Top 10 jury verdicts against, settlements by Oregon Department of Transportation

Here are the top 10 settlements and jury verdicts paid out by the state for claims against the Oregon Department of Transportation. In most cases, state lawyers reached a settlement before the claims made it to trial and in some cases, even before a lawsuit was filed.

1. Michael E. Nielsen — $1.8 million. Nielsen was seriously hurt and his motorcycle totaled when a state-owned van crashed into him as he was traveling along the Oregon coast on U.S. 101 in Florence in July 2012. The case ranks No. 8 on the top 10 list of overall payouts made by the state for its agencies[1], ranging from the Department of Human Services to the Department of Corrections.

2. Curtin R. Mitchell — $1.5 million. Mitchell was badly injured after a Department of Transportation pickup made a left turn and crashed into the car that Mitchell was riding in on Oregon 20 near the Hoodoo Ski Area in July 2009.

3. Estate of Steve Fritz — $1.45 million. Fritz, 54, died in September 2014 when a pickup driver veered across Interstate 5 near Salem, crashing head-on into Fritz’s car and killing him. His widow, Portland Commissioner Amanda Fritz, filed a lawsuit against the pickup driver and a Carson Oil truck driver who she claimed were responsible for the crash. Amanda Fritz didn’t sue the state, but the state ended up settling with her[2] in late 2015 because it thought it would be held liable.

4. Estate of Cary Fairchild — $750,000. Fairchild, 64, died from injuries she suffered in the passenger seat of Steve Fritz’s car during the September 2014 crash. Fairchild’s estate sued the same two drivers that Fritz’s estate faulted, but Fairchild’s estate also sued the state[3] for failing to erect cable median barriers that might have prevented the crossover crash. Read today’s story about the Fritz and Fairchild settlements here[4].

5. Estate of Lawrence Pendergrass — $400,664. This is the oldest case on the list. Pendergrass, who was riding his bicycle, died when driver Gary Robb suffered an epileptic seizure and crashed into him in October 1978. Pendergrass’ estate sued the state and won a jury verdict in a 1982 trial in Multnomah County. The estate claimed the state Motor Vehicles Division (I think that might be the old name back in 1978. I used this name because that’s the agency that was formally listed as a defendant in the lawsuit.) was negligent in failing to suspend Robb’s driver’s license, even though it knew of his epileptic condition.

6. Henry Manjarres — $375,000. Manjarres won a $270,000 jury verdict in 2005 during a Marion County trial, plus the state had to pay $105,000 in attorney’s fees. Manjarres, who has a Native American background, sued the Department of Transportation claiming that a former supervisor threatened and swore at him as retaliation after he filed a discrimination complaint.
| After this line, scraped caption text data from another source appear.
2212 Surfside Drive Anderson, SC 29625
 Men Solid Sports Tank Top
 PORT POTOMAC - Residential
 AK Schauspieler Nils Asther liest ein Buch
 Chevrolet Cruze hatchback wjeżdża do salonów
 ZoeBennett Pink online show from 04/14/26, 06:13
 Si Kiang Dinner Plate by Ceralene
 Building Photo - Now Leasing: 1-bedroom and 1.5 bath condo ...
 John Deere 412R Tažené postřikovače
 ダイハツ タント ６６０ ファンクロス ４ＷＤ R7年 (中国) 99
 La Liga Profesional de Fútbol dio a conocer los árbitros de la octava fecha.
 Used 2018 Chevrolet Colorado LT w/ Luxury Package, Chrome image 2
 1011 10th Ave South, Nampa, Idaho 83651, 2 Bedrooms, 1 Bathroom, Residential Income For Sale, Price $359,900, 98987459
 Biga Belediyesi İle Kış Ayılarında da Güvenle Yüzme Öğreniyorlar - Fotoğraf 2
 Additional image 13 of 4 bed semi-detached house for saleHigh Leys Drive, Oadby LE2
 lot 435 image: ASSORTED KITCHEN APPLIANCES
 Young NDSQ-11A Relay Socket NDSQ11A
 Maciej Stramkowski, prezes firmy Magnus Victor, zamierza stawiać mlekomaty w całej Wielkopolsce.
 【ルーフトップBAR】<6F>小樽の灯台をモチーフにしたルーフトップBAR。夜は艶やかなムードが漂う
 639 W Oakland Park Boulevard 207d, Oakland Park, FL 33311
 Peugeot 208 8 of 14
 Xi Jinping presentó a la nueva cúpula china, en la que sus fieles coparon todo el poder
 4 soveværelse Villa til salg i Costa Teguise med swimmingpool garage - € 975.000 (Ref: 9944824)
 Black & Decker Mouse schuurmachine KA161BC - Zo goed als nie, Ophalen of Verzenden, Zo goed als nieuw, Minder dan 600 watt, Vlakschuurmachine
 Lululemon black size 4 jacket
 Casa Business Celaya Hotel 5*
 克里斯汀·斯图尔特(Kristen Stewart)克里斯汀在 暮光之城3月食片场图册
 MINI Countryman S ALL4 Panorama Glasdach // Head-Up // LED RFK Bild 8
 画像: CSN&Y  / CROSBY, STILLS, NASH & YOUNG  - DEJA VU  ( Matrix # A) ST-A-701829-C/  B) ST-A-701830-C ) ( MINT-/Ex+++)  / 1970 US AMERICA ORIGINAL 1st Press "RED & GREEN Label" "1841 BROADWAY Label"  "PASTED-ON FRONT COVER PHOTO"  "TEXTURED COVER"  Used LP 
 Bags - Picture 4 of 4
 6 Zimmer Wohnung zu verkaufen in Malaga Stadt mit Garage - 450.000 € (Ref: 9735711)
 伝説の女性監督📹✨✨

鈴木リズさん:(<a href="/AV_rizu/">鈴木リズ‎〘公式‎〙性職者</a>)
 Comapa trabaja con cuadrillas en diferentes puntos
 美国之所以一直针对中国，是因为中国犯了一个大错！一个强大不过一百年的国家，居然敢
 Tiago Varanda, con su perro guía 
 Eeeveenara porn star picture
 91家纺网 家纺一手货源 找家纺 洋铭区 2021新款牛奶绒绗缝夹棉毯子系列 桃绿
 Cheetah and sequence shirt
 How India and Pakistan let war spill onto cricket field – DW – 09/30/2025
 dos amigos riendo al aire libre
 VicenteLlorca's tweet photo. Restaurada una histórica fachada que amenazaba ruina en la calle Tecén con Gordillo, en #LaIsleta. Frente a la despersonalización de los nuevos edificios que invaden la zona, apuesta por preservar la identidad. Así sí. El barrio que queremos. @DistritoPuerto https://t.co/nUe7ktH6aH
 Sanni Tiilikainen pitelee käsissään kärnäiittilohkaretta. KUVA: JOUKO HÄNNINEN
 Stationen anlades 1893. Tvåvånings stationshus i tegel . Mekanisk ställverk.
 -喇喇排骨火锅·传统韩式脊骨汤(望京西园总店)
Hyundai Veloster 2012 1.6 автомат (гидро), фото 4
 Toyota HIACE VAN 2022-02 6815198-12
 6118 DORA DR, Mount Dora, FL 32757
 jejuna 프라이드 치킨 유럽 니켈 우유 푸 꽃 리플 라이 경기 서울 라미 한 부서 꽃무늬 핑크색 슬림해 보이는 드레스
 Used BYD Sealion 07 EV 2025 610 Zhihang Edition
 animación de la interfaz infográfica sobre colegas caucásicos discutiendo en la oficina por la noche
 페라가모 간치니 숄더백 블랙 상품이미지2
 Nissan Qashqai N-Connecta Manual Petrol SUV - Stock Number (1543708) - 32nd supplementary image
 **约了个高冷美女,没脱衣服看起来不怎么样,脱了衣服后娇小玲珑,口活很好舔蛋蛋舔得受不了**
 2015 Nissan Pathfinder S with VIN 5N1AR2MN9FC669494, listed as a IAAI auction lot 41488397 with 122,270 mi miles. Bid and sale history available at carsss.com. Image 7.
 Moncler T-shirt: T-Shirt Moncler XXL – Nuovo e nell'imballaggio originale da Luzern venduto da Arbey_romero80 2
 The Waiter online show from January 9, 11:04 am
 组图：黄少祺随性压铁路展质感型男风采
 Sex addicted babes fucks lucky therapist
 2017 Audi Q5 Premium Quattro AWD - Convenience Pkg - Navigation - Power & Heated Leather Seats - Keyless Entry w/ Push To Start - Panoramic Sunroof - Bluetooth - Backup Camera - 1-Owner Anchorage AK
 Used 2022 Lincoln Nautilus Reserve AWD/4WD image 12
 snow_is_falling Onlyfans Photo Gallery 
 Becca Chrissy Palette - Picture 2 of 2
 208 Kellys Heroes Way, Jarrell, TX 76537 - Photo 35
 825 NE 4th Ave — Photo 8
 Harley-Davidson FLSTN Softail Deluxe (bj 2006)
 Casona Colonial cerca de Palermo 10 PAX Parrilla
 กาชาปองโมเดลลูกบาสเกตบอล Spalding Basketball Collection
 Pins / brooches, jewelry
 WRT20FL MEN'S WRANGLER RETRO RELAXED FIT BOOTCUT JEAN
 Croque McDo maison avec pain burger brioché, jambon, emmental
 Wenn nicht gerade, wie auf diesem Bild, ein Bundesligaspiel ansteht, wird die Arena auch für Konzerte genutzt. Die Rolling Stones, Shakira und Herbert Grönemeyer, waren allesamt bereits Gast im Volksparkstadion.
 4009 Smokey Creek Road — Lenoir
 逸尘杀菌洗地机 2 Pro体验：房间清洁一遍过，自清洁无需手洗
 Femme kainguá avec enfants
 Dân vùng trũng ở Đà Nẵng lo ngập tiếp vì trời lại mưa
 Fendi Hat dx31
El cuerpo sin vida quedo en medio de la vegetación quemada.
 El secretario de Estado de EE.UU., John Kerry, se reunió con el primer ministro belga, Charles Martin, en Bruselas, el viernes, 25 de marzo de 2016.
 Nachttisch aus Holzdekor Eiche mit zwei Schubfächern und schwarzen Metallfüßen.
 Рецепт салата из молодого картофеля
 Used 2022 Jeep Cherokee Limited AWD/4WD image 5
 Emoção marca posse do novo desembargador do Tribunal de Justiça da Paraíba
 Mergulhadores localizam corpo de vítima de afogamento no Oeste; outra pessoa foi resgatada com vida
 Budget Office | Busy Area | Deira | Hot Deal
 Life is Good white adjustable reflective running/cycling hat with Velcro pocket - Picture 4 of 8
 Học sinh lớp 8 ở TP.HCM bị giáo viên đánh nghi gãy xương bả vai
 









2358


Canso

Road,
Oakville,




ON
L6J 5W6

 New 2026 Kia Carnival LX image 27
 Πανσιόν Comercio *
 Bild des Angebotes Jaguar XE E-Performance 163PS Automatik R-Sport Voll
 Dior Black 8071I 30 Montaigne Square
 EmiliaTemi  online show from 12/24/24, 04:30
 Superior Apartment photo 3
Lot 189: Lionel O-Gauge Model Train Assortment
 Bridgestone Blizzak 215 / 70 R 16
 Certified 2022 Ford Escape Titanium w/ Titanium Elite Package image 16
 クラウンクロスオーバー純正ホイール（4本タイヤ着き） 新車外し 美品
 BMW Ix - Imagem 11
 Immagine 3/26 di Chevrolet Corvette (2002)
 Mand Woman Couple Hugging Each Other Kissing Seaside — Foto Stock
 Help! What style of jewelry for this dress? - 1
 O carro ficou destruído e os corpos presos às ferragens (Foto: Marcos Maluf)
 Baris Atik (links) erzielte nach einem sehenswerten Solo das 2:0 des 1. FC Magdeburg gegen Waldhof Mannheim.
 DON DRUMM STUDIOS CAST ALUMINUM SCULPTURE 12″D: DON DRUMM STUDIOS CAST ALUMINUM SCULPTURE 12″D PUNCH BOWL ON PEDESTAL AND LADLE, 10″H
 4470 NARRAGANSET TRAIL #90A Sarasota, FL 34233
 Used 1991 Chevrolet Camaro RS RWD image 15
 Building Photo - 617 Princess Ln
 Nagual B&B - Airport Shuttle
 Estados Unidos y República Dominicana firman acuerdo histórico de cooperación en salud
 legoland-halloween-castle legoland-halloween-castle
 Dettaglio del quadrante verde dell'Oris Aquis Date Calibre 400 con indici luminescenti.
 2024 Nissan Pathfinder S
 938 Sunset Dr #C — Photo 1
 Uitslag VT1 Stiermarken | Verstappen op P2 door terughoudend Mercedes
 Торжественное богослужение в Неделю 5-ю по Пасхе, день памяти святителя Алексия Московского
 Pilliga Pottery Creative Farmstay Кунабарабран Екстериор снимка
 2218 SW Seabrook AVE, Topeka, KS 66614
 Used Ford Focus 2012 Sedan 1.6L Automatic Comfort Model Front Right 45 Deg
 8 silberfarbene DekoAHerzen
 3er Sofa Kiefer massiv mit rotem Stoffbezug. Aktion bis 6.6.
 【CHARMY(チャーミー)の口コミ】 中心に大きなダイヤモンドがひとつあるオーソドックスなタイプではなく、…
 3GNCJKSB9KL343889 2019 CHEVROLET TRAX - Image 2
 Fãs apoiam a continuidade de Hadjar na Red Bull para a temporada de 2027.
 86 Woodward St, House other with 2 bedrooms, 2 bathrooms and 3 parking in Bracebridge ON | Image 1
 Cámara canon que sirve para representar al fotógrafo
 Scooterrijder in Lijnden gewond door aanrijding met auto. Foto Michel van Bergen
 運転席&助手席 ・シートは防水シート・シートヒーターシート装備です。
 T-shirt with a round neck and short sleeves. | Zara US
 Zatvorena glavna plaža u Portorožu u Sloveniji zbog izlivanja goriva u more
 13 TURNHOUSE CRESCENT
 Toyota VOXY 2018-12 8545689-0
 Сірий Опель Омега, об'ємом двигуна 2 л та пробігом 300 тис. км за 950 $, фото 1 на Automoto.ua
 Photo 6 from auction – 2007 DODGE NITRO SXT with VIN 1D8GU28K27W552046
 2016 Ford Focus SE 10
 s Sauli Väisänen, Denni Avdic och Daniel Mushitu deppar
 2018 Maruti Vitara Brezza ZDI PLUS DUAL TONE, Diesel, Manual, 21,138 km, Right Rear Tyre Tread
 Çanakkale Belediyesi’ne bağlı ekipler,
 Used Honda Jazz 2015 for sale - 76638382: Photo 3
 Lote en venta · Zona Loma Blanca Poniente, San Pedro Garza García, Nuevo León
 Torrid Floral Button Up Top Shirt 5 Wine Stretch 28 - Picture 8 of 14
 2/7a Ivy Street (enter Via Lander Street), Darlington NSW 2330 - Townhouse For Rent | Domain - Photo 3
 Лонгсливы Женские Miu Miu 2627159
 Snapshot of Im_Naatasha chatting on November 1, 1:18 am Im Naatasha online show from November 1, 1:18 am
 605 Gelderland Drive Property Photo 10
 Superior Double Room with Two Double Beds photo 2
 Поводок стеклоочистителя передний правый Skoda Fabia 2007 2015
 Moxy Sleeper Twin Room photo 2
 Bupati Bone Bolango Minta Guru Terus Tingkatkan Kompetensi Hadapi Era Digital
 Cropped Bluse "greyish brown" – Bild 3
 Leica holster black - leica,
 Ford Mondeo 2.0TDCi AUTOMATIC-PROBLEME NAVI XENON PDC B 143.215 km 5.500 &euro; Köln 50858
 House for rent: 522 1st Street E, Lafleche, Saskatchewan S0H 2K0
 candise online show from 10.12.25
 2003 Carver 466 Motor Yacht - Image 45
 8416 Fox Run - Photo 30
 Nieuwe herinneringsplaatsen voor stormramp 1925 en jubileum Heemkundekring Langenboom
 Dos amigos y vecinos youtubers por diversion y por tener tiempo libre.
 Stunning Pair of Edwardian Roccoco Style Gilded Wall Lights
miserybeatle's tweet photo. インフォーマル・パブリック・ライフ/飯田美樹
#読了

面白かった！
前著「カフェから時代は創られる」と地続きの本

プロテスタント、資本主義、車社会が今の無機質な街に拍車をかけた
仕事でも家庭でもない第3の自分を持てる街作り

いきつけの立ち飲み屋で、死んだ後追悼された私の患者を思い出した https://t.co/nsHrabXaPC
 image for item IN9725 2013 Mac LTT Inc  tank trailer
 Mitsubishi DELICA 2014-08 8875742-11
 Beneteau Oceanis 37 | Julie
7. Marcos Arevalo — $366,386. Arevalo sued his employer, the Department of Motor Vehicles, and won a jury verdict. Arevalo claimed he was demoted after unproven suspicions arose in 1999 that he was “selling” or otherwise improperly issuing drivers’ licenses to Spanish speakers who weren’t qualified. Oregon State Police and the DMV found no evidence of criminal conduct by Arevalo, according to a federal judge’s summary of the case. DMV is a branch of the state Department of Transportation.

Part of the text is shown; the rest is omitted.